Begini. Bercerita dengan Adin rasanya seperti mendengar tukang obat keliling berorasi di pasar. Ia orator handal dan agitator yang memikat, tetapi kadang menjengkelkan dalam urusan minta ditraktir makan coto, pallubasa, dan lalapan di Arum Dalu. Dulu, aku sering dapat rezeki dari menulis esai di media daring dan menang mengikuti lomba menulis. Entah mengapa, Adin selalu mengetahui hal itu. Ia langsung menghubungiku untuk minta ditraktir makan dengan pujian yang bisa bikin Milea tak jadi jatuh cinta pada Dilan. Kami pun bergegas menuju Arum Dalu. Aku hanya menganggarkan uang buat dua orang makan ayam lalapan. Tetapi, yang datang di meja kami adalah satu ayam goreng dan satu ikan kakap segar berukuran nyaris satu kilogram. Anjir. Mentang-mentang ditraktir dengan dalih merayakan tulisanku yang menang lomba, Adin seenaknya memesan makanan. Aku tentu saja kalap karna uang didompet tidak cukup. Adin memang minta dismack-down, tetapi aku sadar bisa membahagiakan kawan yang tak jadi terbang ke Belanda untuk kursus singkat karena permohonannya tak disetujui, merupakan ibadah sosial.
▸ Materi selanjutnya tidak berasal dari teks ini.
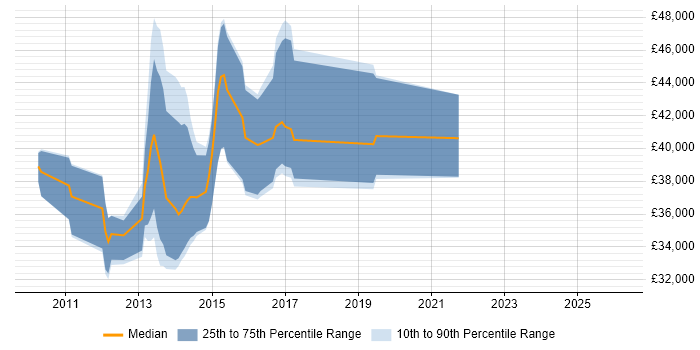 Salary distribution trend for jobs in Wales citing HSRP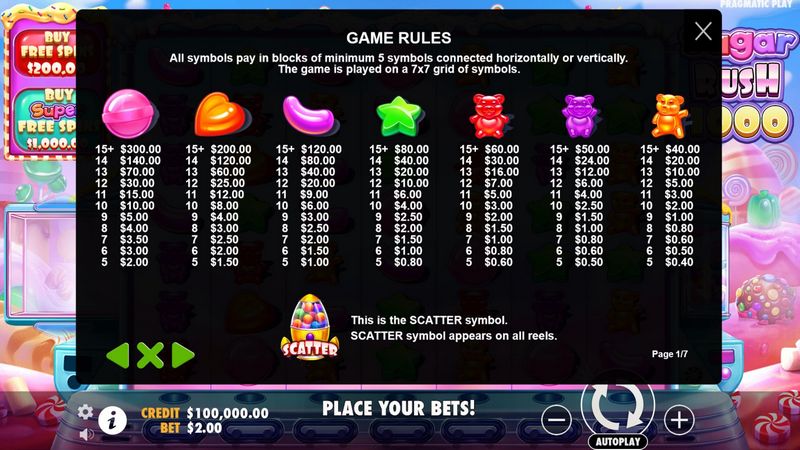 Sugar Rush Slot Evaluation - 96% RTP, Free Spins + Bonus Offers!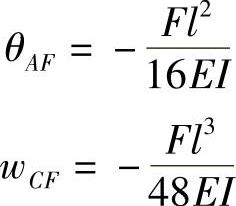 978-7-111-43425-2-Chapter06-21.jpg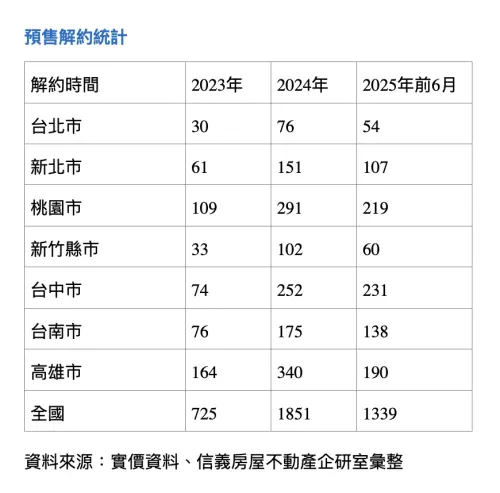 ▲預售屋解約統計表。（圖／信義房屋提供）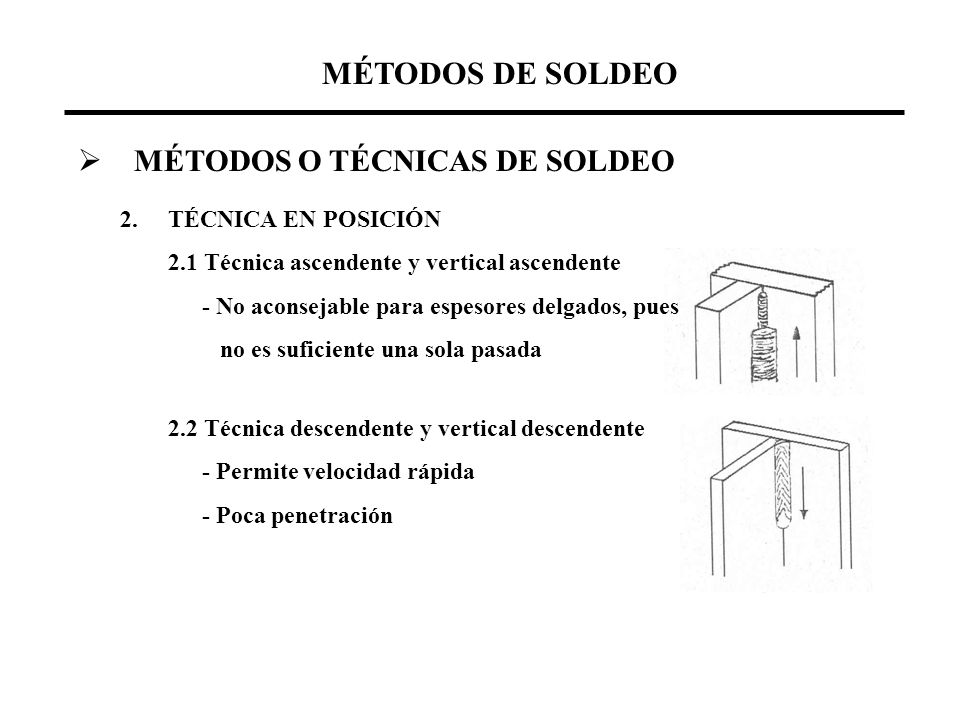 MÉTODOS DE SOLDEO MÉTODOS O TÉCNICAS DE SOLDEO 2. TÉCNICA EN POSICIÓN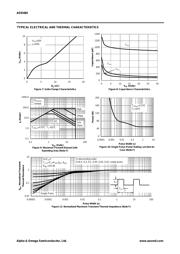 AOD484 datasheet.datasheet_page 4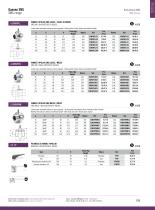 Agro-Alimentaire : Robinetterie - 9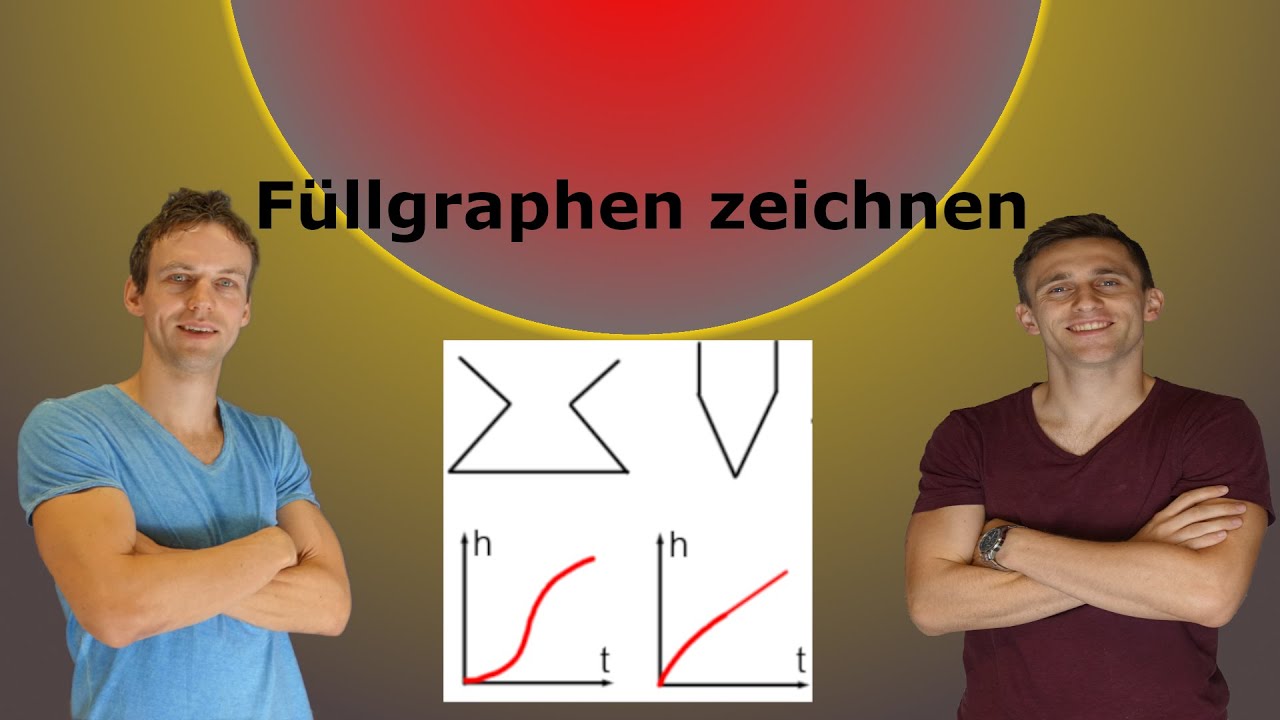 Füllgraphen zeichnen und zuordnen, mit Aufgaben+Lösung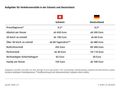 Recht + Verkehr + Versicherung - Schweizer Knöllchen gelten jetzt auch in Deutschland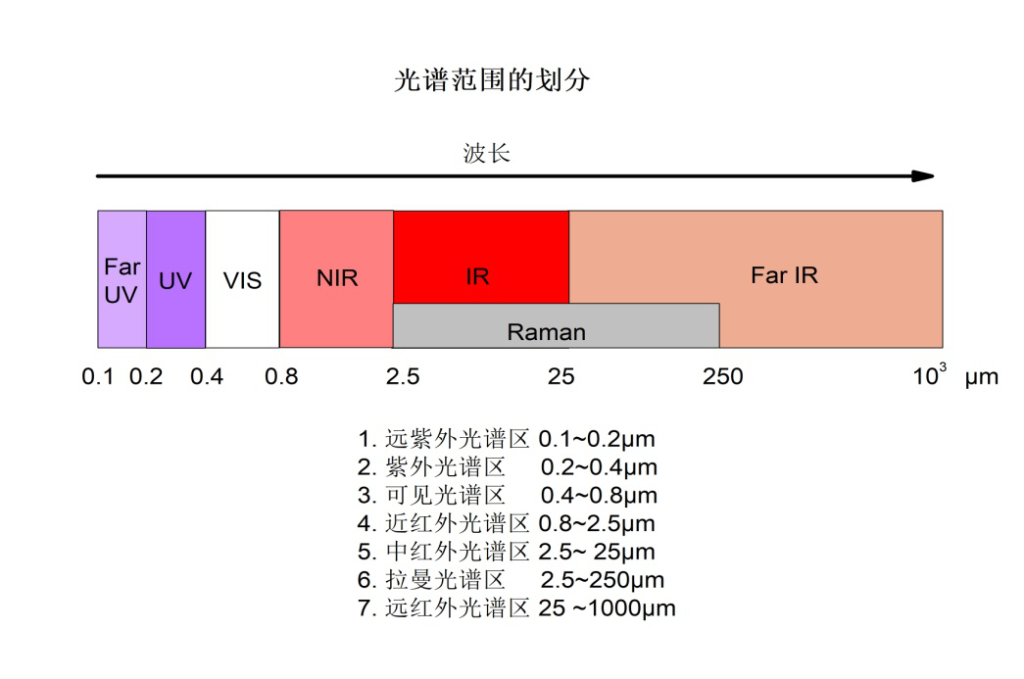 AMD Ryzen™ 5 PRO 4650U Ryzen 4650U：性能狂魔，功耗省电王  第4张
Ya sudah ikhlas saja.

Hari ini, 20 Maret 2021, Adin menikahi junior di fakultasnya. Sebuah pilihan hidup, pilihan religius, pilihan estetis yang menggembirakan. Tapi aku tak bisa datang. Apakah seorang kawan yang tidak datang ke acara pernikahan kawannya perlu meminta maaf? Kupikir tidak. Ia pasti mengerti. Kecuali jika aku menganggap kawan sekamarku itu, orang asing yang baru berteman kemarin sore. Hehe. Dari pedalaman Kalimantan Selatan, doa-doa terbaik kukirmkan lewat udara. Lewat kuota. hehe.